Ondak: Yes. This can happen only by their transfer from banal reality to the context of an exhibition, and we can read them differently, even with a provocative ending. I sometimes intervene with minimal gestures, or I reduce their forms to fragments.
Rail: In your work, there frequently seem to be inversions or mirroring or reflections, both materially and as objects of thought that are prompted by misrecognition, maybe because of the fragmentary nature or the change of context. The curator Igor Zabel has described your work as “situations.” I think he said they were symmetries to point to this doubling, but you didn’t like the symmetry idea. Is that right?
Ondak: I can agree with both situation and symmetry, but I know what he tried to emphasize. But by doubling or repeating physical objects or multiplying—not multiplying in the sense of increasing—but multiplying of something that is never the same. So it’s never symmetrical, but it gives you this time-based reference without actually recording time.
I try to combine objects and sources in such a way that when you see the result, you think about what role the objects had before, and what process transformed them. But if this is multiplied in their very repetition, you imagine a time shift between one and the other. It creates a history between them—like the first could have existed yesterday and the second only today, or the other could only be here tomorrow or at some point in the future. This interests me: destabilizing the solid grounding of the object, so that it cannot be assigned to anything with certainty. It is something that can disappear, which is also one of my interests; or the artwork is shown and then it either has to be recreated or started from scratch—like some of my other performances that are coated by paint after the exhibition is over.

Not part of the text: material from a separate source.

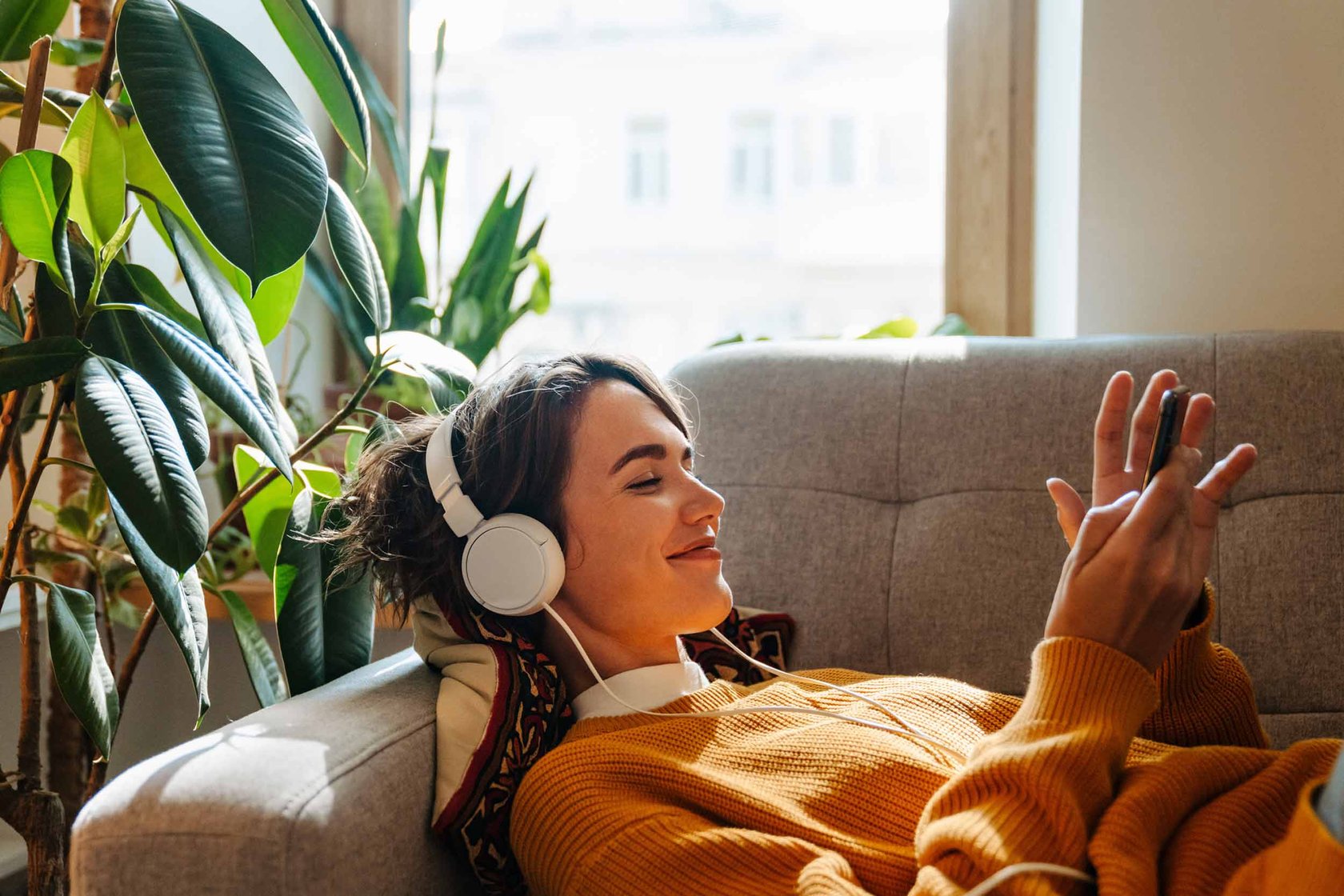 A lady laying on a sofa with headphones on.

Rail: We tend to take a lot for granted, socially and in terms of identity—or what we call “the self”—but this is very fluid and co-produced between people, and the fixity that is designated for these categories is often misleading. It can mislead politically or socially. But through our works, this relationship can be seen or felt or experienced, and it’s not that this can’t be done by purely rational explanation, because the exchanges are difficult to grasp.

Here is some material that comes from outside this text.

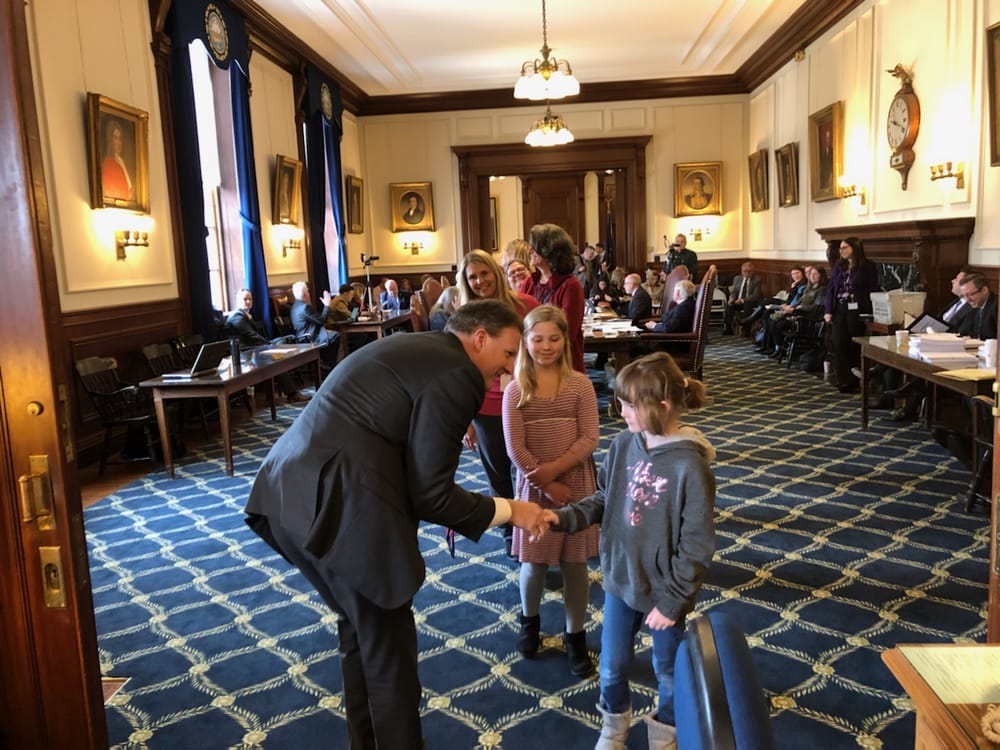 Sununu appoints Eddie Edwards to licensure post, and it’s handshakes as usual – with a pocketful of Purell post image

There was something Sigmund Freud said—this was in 1915—that he believed one person’s unconscious can act on another person’s unconscious without it passing through consciousness. It happens in a way we’re essentially unaware of, and I think your work addresses this. I mean, this is a very important aspect of being human in society and reflecting on, “Wat, or who, am I? What am I doing? Who’s this other person?” But it’s through what we’re calling “art” that this can be revealed or made important, but without an explanation. It’s a kind of poetic realization of these facts.
Ondak: I agree. My works make links between the people who are depicted in them, or present through their creative input, with their roles in society and also with the objects that surround us. And that is what I try to express in my art, in a sense.